Volti is a choral group from San Francisco devoted to the contemporary muse. They are under the capable direction of Robert Geary. Their latest disk, House of Voices (Innova 834) offers six compositions in what one might call "new form tonal" American music, five of which were specially commissioned by the group.
I've said this before but it still applies: the voice in the form of the choral ensemble affects our inner ear in interesting ways. Perhaps because we are neurologically-psychologically wired to respond to the human voice, choral music gets our primal attention. Simple to moderately complex melody and harmonic sequences, when sung with the expressive focus of a good choral ensemble, have a heightened affect it seems, more so than an instrumental group might have playing the same music.
The point is that good choral music should probably be approached differently compositionally than pure orchestral or chamber instrumental music. Perhaps that is a commonplace in composition classes. But that may explain why some scat singing by less than perfect jazz singers can fail utterly. To try and approximate instrumental style and content with the voice needs absolute perfection to come across to the listener with credibility. So for example an excellent Indian classical vocalist spends many years perfecting his or her art--so that he or she can rival classical instrumentalists in complexity of phrasing and execution. The same could be said of bel canto opera soloists. If they aren't totally great, it doesn't work.
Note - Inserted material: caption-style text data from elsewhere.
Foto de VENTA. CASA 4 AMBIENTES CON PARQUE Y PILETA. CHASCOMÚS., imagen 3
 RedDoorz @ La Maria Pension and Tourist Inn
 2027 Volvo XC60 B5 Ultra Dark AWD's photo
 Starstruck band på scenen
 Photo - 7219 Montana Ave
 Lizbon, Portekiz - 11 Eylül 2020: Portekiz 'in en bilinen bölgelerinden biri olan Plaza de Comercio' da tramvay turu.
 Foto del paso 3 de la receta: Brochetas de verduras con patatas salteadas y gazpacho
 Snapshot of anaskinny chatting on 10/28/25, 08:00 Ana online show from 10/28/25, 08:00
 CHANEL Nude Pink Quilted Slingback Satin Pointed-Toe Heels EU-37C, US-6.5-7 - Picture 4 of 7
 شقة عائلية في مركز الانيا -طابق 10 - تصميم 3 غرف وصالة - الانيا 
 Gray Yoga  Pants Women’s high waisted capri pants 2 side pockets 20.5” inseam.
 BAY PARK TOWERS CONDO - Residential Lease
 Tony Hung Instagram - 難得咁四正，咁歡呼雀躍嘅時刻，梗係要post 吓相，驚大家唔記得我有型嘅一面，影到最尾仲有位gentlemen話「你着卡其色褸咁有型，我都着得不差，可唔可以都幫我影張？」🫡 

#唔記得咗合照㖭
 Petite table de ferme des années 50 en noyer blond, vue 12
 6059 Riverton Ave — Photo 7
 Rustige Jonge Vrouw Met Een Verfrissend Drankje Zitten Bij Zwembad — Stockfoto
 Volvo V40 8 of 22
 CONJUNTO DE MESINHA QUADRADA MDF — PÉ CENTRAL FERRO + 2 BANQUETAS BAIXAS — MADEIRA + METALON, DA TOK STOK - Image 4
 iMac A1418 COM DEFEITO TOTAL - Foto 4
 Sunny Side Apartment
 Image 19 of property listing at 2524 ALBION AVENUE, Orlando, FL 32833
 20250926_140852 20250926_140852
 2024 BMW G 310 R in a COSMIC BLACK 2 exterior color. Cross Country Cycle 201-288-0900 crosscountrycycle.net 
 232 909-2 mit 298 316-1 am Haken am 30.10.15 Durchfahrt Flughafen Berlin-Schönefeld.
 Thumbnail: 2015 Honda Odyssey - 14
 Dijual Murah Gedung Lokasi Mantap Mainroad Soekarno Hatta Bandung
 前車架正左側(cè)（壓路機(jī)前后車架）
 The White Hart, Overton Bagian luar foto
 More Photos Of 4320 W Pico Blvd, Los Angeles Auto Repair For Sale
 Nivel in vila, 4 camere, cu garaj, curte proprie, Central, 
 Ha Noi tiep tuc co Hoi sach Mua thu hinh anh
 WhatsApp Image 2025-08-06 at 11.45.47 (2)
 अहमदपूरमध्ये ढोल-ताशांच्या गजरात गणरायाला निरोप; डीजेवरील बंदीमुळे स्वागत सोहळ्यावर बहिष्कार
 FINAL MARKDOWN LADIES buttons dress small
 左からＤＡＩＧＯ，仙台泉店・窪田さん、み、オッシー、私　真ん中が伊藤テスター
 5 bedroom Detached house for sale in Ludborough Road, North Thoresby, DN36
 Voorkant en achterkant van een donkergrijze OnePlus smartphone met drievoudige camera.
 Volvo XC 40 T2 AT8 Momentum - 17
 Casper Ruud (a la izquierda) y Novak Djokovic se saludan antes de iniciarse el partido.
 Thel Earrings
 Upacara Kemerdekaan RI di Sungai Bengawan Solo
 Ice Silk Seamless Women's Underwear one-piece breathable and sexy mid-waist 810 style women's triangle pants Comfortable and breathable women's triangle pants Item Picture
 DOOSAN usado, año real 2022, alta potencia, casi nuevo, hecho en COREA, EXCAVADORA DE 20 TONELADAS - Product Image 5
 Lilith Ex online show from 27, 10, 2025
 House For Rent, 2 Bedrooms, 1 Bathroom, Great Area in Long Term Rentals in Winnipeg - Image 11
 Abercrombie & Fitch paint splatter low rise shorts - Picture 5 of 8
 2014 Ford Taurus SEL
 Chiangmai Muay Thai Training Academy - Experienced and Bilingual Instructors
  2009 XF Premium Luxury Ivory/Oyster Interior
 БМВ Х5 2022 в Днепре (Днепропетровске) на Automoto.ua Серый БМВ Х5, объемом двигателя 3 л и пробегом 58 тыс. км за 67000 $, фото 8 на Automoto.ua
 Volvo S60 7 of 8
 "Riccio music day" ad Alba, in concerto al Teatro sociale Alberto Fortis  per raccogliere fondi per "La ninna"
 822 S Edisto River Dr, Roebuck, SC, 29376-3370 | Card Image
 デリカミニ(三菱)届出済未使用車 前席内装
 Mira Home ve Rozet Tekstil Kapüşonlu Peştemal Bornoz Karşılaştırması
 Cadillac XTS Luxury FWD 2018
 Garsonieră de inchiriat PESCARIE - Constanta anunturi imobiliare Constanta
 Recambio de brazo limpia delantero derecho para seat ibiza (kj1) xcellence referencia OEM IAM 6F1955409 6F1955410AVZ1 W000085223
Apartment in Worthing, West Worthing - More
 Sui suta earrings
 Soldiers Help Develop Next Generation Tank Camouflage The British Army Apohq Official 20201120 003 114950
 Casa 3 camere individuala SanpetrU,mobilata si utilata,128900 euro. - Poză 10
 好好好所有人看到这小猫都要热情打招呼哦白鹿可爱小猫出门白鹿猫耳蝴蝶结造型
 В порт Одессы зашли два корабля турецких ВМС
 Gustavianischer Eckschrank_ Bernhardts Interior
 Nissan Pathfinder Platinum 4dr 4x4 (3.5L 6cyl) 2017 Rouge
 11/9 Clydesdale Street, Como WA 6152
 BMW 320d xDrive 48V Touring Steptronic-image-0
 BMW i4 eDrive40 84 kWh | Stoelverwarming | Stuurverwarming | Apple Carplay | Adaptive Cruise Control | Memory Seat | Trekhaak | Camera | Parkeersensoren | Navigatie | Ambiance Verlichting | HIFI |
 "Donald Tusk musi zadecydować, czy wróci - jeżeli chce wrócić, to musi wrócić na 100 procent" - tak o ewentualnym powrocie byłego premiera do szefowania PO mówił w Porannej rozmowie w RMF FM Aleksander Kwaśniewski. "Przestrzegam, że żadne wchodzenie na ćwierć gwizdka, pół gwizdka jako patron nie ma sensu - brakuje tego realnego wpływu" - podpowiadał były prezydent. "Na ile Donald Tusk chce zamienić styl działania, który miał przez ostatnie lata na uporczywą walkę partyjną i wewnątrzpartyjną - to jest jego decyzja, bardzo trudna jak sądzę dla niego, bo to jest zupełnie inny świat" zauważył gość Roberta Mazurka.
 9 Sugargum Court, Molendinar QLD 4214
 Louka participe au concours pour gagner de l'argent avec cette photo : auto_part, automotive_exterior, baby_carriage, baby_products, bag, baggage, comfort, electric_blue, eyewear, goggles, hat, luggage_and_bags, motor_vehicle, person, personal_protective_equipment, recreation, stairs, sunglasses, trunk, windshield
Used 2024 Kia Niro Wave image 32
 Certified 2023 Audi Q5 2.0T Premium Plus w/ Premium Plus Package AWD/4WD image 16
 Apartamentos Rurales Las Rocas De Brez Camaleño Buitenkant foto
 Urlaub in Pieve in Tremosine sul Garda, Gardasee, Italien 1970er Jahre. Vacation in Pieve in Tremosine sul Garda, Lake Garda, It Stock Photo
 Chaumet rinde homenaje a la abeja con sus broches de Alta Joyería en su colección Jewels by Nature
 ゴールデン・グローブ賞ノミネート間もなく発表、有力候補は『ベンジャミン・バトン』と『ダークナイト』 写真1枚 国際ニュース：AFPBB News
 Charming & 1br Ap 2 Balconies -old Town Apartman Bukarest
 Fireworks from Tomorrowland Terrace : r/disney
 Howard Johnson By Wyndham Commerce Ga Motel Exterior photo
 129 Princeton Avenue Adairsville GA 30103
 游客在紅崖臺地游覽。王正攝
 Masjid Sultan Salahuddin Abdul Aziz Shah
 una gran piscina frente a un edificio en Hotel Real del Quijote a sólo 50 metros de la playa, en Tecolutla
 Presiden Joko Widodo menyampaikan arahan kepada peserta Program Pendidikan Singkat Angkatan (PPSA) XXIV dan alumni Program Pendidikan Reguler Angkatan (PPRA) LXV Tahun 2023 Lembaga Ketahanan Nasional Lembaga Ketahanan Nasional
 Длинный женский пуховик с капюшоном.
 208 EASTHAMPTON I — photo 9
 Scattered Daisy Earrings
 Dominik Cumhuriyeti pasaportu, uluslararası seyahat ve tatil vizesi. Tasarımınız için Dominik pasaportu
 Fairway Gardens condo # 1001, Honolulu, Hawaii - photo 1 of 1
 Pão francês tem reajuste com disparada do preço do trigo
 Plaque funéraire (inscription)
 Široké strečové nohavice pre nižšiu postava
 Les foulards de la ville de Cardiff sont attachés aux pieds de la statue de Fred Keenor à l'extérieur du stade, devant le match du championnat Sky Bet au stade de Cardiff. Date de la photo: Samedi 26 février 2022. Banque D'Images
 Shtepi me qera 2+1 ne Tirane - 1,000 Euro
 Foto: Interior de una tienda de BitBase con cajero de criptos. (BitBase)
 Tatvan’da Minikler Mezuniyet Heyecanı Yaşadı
That's not to say that Volti are less than terrific. They are excellent. But the compositions represented on this disk operate in a folk-choral-multi-part universe that is new by virtue of its treatment of familiar melodic-harmonic forms. Each composer, it is clear, has internalized the choral tradition at its best and done something new with it.
So we get six fairly short works all written in this past decade--by Yu-Hui Chang, Ted Hearne, Donald Crockett, Eric Moe, Wayne Peterson, Mark Winges, not exactly household names at this point but all capable of turning out interesting choral work, all getting sensitive and excellently executed performances at the hands of Volti.
Each composition in its own way emphasizes vertical-horizontal phraseology that sounds well in the choral context. Some of it is ravishing. All of it is a testament to the excellence of the Volti ensemble. The music has a direct, straightforwardly aesthetic quality that should be accessible to a larger-than-usual audience for new music. So bravo, then!